To use the SimpleHttpOperator to trigger another DAG, you need to define the following:

  • endpoint: This should be of the form '/api/v1/dags/<dag-id>/dagRuns' where <dag-id> is the ID of the DAG you want to trigger.
  • data: To trigger a DAG run using this endpoint, you must provide an execution date. In the example above, we use the execution_date of the upstream DAG, but this can be any date of your choosing. You can also specify other information about the DAG run as described in the API documentation linked above.
  • http_conn_id: This should be an Airflow connection of type HTTP, with your Airflow domain as the Host. Any authentication should be provided either as a Login/Password (if using Basic auth) or as a JSON-formatted Extra. In the example below, we use an authorization token.

Http Connection

DAG dependencies view

In Airflow 2.1, a new cross-DAG dependencies view was added to the Airflow UI. This view shows all DAG dependencies in your Airflow environment as long as they are implemented using one of the following methods:

  • Using dataset driven scheduling
  • Using a TriggerDagRunOperator
  • Using an ExternalTaskSensor

To view dependencies in the UI, go to Browse > DAG Dependencies or by click Graph within the Datasets tab. The following image shows the dependencies created by the TriggerDagRunOperator and ExternalTaskSensor example DAGs.

DAG Dependencies View

When DAGs are scheduled depending on datasets, both the DAG containing the producing task and the dataset are shown upstream of the consuming DAG.
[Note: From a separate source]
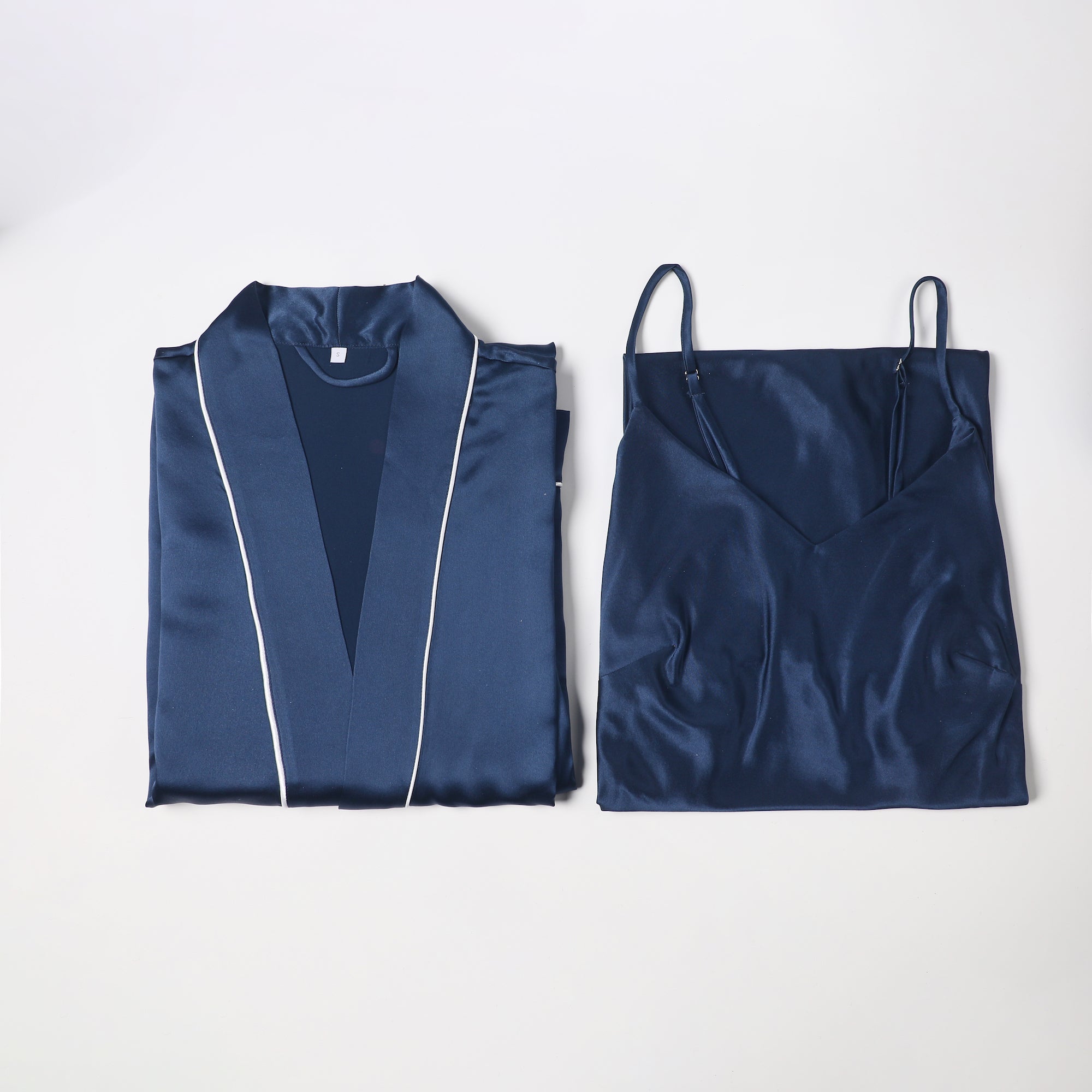 Navy Pure Silk Unisex Long Sleeve Pajama Set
DAG Dependencies View Datasets

In Airflow 2.4 an additional Datasets tab was added, which shows all dependencies between datasets and DAGs.
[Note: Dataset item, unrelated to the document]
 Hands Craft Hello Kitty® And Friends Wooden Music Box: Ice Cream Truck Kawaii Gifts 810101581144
DAG Dependencies View Datasets

Cross-deployment dependencies

It is sometimes necessary to implement cross-DAG dependencies where the DAGs do not exist in the same Airflow deployment. The TriggerDagRunOperator, ExternalTaskSensor, and dataset methods are designed to work with DAGs in the same Airflow environment, so they are not ideal for cross-Airflow deployments. The Airflow API is ideal for this use case. In this section, you'll learn how to implement this method on Astro, but the general concepts are also applicable to your Airflow environments.

Cross-deployment dependencies on Astro

To implement cross-DAG dependencies on two different Airflow environments on Astro, follow the steps for triggering a DAG using the Airflow API. Before you get started, you should review Make requests to the Airflow REST API. When you're ready to implement a cross-deployment dependency, follow these steps:

  1. In the upstream DAG, create a SimpleHttpOperator task that will trigger the downstream DAG. Refer to the section above for details on configuring the operator.
  2. In the Deployment running the downstream DAG, create an API key and copy it.
  3. In the upstream DAG Airflow environment, create an Airflow connection as shown in the Airflow API section above. The Host should be https://<your-base-domain>/<deployment-release-name>/airflow where the base domain and deployment release name are from your downstream DAG's Airflow deployment. In the Extras field, enter {"Authorization": "api-token"} where api-token is the API key you copied in step 2.
  4. Ensure the downstream DAG is turned on, then run the upstream DAG.